__EXERCISE BRIEF__
Take the data below and copy exactly the lines starting at the one with "trois types différents" and finishing at the one with "Ein katarischer Mann, der", both included.

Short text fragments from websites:
----------

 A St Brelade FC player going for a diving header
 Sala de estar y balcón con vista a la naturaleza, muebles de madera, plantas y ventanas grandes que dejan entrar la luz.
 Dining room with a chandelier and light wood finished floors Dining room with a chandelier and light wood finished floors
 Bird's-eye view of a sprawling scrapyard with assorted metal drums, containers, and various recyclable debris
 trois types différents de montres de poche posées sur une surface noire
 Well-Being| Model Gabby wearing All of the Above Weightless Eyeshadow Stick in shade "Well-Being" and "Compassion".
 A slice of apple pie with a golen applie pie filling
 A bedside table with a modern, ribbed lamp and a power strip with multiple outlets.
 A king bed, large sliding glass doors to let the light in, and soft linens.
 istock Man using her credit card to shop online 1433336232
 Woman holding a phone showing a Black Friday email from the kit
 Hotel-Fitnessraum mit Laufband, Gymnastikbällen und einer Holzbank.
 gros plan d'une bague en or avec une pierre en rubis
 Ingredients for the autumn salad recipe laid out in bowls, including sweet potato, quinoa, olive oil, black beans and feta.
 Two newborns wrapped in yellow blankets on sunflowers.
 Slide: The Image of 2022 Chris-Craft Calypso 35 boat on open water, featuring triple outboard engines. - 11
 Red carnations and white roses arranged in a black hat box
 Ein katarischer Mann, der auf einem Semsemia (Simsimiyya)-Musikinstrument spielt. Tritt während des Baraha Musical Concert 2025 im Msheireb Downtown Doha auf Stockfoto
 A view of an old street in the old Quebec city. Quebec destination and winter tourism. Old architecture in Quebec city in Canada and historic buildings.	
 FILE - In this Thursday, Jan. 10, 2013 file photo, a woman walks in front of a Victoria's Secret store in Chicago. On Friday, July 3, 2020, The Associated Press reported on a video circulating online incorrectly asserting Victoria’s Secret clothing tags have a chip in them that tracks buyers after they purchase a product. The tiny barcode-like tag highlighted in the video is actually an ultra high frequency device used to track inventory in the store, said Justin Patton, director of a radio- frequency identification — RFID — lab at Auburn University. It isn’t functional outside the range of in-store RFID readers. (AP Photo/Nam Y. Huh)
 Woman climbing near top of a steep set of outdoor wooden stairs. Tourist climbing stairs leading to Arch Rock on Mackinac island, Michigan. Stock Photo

----------

__FINAL ANSWER__
 trois types différents de montres de poche posées sur une surface noire
 Well-Being| Model Gabby wearing All of the Above Weightless Eyeshadow Stick in shade "Well-Being" and "Compassion".
 A slice of apple pie with a golen applie pie filling
 A bedside table with a modern, ribbed lamp and a power strip with multiple outlets.
 A king bed, large sliding glass doors to let the light in, and soft linens.
 istock Man using her credit card to shop online 1433336232
 Woman holding a phone showing a Black Friday email from the kit
 Hotel-Fitnessraum mit Laufband, Gymnastikbällen und einer Holzbank.
 gros plan d'une bague en or avec une pierre en rubis
 Ingredients for the autumn salad recipe laid out in bowls, including sweet potato, quinoa, olive oil, black beans and feta.
 Two newborns wrapped in yellow blankets on sunflowers.
 Slide: The Image of 2022 Chris-Craft Calypso 35 boat on open water, featuring triple outboard engines. - 11
 Red carnations and white roses arranged in a black hat box
 Ein katarischer Mann, der auf einem Semsemia (Simsimiyya)-Musikinstrument spielt. Tritt während des Baraha Musical Concert 2025 im Msheireb Downtown Doha auf Stockfoto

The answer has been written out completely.